I just noticed there is a related modification earlier than the make
stage. Inside the bootstrap is the following:

bootstrap_epilogue ()
{
## G77 is obsolete, but it is still the first option in the autoconf
## Fortran macros. We should avoid it, because mixing old versions of
## g77 with modern gcc and g++ causes trouble.
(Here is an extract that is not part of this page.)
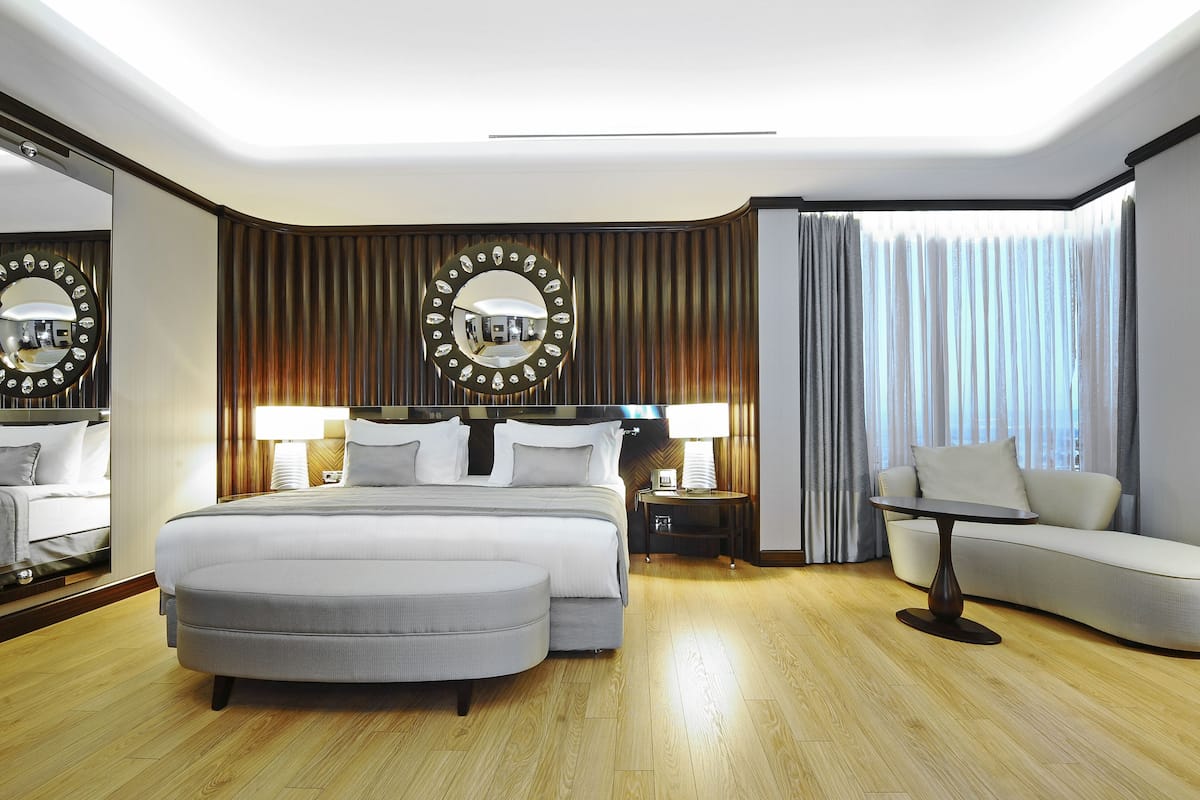 1 bedroom, pillow-top beds, minibar, in-room safe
The following will
## make it harder (but not impossible) for users to make this mistake.
##
## FIXME -- we should really work to fix autoconf so that it prefers
## gfortran over g77 even when searching for a Fortran 77 compiler.
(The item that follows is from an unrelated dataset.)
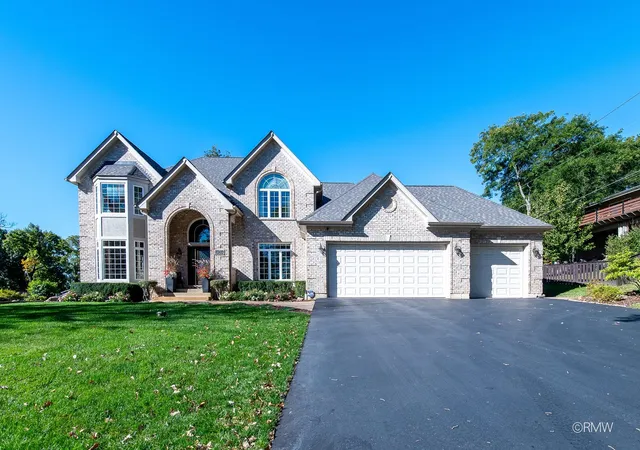 Photo 3 of Single family home for sale at 6n014 Linden Ave, Medinah, IL 60157 | MLS# 12790198 | Listing updated on 2026-10-22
echo "replacing all occurrences of g77 with gfortran in configure
script..."

sed 's/g77/gfortran/g' configure > configure.t
mv configure.t configure
chmod 755 configure
}

Perhaps that workaround is out of date. How does one tell what order
autoconf is using for compiler preference (I've grepped in the auto*
scripts and can't find anything)? But more than that, isn't the
AC_PROG_F77 macro supposed to control this?
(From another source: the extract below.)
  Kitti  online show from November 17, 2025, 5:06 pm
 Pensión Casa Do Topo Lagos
Here's an excerpt from configure.ac:

...

dnl Keep this check before the check for the Fortran compiler,
dnl in case -lm is needed to compile Fortran programs.
AC_CHECK_LIB(m, sin)

### Determine the Fortran compiler and how to invoke it

## Default FFLAGS is -O.
if test x"$FFLAGS" = x""; then
  FFLAGS="-O"
fi

## the F77 variable, if set, overrides AC_PROG_F77 automatically
AC_PROG_F77
AC_F77_LIBRARY_LDFLAGS
AC_F77_DUMMY_MAIN
AC_F77_WRAPPERS

...

And here is the configure output for that bit of script:

checking for sin in -lm... yes
checking for gfortran... gfortran
checking whether we are using the GNU Fortran 77 compiler... yes
checking whether gfortran accepts -g... yes
checking how to get verbose linking output from gfortran... -v
checking for Fortran 77 libraries of gfortran... -L/usr/lib/gcc/x86_64-redhat-linux/4.5.1 -L/usr/lib/gcc/x86_64-redhat-linux/4.5.1/../../../../lib64 -L/lib/../lib64 -L/usr/lib/../lib64 -L/usr/lib/gcc/x86_64-redhat-linux/4.5.1/../../.. -lgfortran -lm
checking for dummy main to link with Fortran 77 libraries... none
checking for Fortran 77 name-mangling scheme... lower case, underscore, no extra underscore
configure: defining FFLAGS to be -O
checking whether gfortran has the intrinsic function ISNAN... yes
checking whether gfortran generates correct size integers... yes
checking whether gfortran accepts -ffloat-store... yes
setting F77_FLOAT_STORE_FLAG to -ffloat-store

The first FORTRAN related thing in this list is "checking for gfortran... gfortran". Does this mean that currently the first FORTRAN compiler that AC looks for is gfortran? If that is the case, then I don't think the "epilogue" is needed anymore.